Trust supersedes everything in B2B marketing in the digital age
What is trust? The dictionary definition can be summarised as “a firm belief, faith or confidence in the reliability, truth, integrity or ability of someone or something”. Trust is a fundamental ingredient in all interpersonal relationships, whether that’s person to person, business to person or business to business. It takes time to build and yet can be lost in the blink of an eye, particularly in the digital era. It also inevitably involves risk, as you are putting a desired outcome into another person or business’s hands, thereby making you or your business vulnerable.
Trust is absolutely vital in B2B interactions and is heightened because the relationships between companies operate in such a different way to those between businesses and consumers. Item values can be much higher, the typical sales cycle is much longer (in certain cases up to 18+ months) and there are more decision makers working through a far more complex buying process that demands more information and looped steps to reach a final purchasing decision. Therefore, when it comes to marketing, everything ultimately boils down to trust in your B2B brand.
So, with the combined forces of technology and the pandemic having separated sellers and buyers, what does the status of trust look like in the present day? A recent edition of “The CMO Survey” suggested that 27% of customers have made it a top priority to develop a trusting relationship with marketers over the next 12 months (Source: CMOsurvey.org). Meanwhile the 2021 Edelman Trust Barometer suggests that the current pandemic era is characterised by “an epidemic of misinformation and widespread mistrust of business, government, NGOs and media…in an environment of information bankruptcy” (Source: Edelman.com/trust/2021-trust-barometer).
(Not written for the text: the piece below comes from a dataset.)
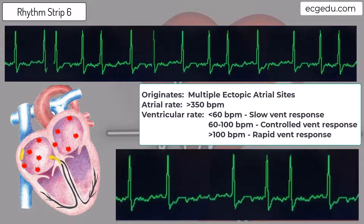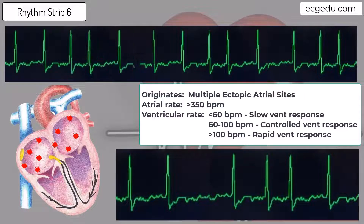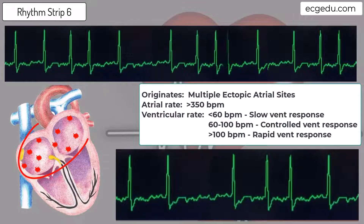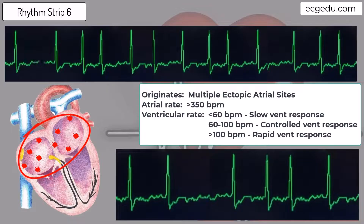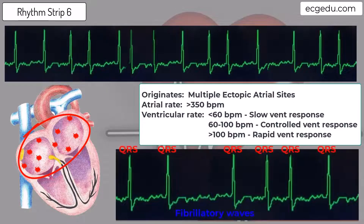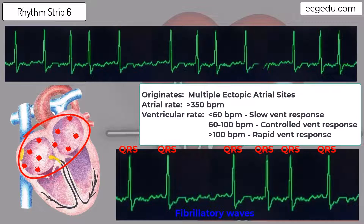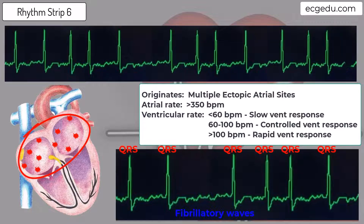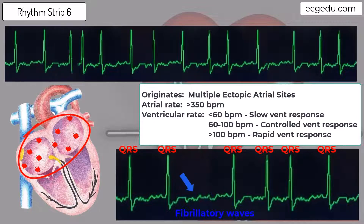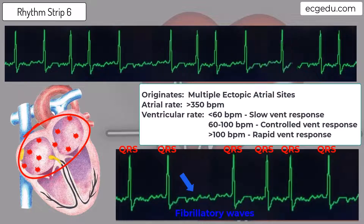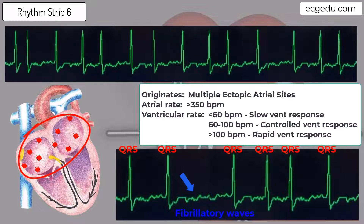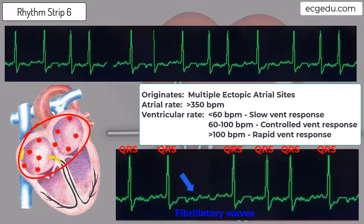This rhythm is Atrial Fibrillation. Atrial Fibrillation is a rhythm that originates from many ectopic sites within the atria, or upper chambers of the heart. In Atrial Fibrillation, the atrial impulses beat at a rate greater than 350 beats per minute, making the baseline of the ECG appear squiggly and chaotic. You will not see organized P-waves, but occasionally P-waves may look nearly normal.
Many niche B2B markets and sectors, particularly in the industrial and scientific space, haven’t traditionally had the benefit of mass awareness and also have audiences that have traditionally been difficult to access. Times have changed though and the digital revolution, combined with the democratisation of publishing channels, have made it possible for even the smallest of businesses to project their brand story on a global basis. Awareness sits right at the top of the marketing funnel and is the starting platform for any type of trust transaction to take place. After all, without awareness there is not even a basis for establishing trust.
For decades, the market leaders in all of the various industrial, scientific and other niche B2B sectors have had a monopoly on trust. The biggest budgets meant the widest coverage, the biggest presence, preservation of the status quo as “the safe choice” and the ability to block out or overpower smaller competitor messaging. In recent years though digital has levelled the playing field and enabled even the smallest market player to compete. Now is the time for challenger brands to take on the established market leaders, question product performance claims, positioning statements and “inherited” (rather than earned) trust and widen the conversation and customer journey.
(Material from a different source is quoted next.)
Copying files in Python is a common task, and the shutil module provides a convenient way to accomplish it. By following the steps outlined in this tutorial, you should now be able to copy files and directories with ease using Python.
Of course the product or service being marketed still needs to stand up to scrutiny. It must perform equally or better than those of competitors, whether that’s on a direct comparison or on the basis of a lifecycle cost investment. From that perspective challenger brands have more to prove, at a time of pandemic-induced change, than market leaders. But the cost of telling the brand story and projecting the benefits of a B2B product or service to the world is now much more accessible and so smaller, challenger brands have the potential to take the fight to the market leaders.
Penetrating the consciousness of potential buyers who are being saturated with marketing messaging is still a battle. However, with the correct use of segmentation, targeting and an orchestrated multichannel approach, B2B brands can use digital platforms to tell their brand story and enable their products and services to engage and compete more consistently on merit at the pivotal moments of the B2B buyer journey.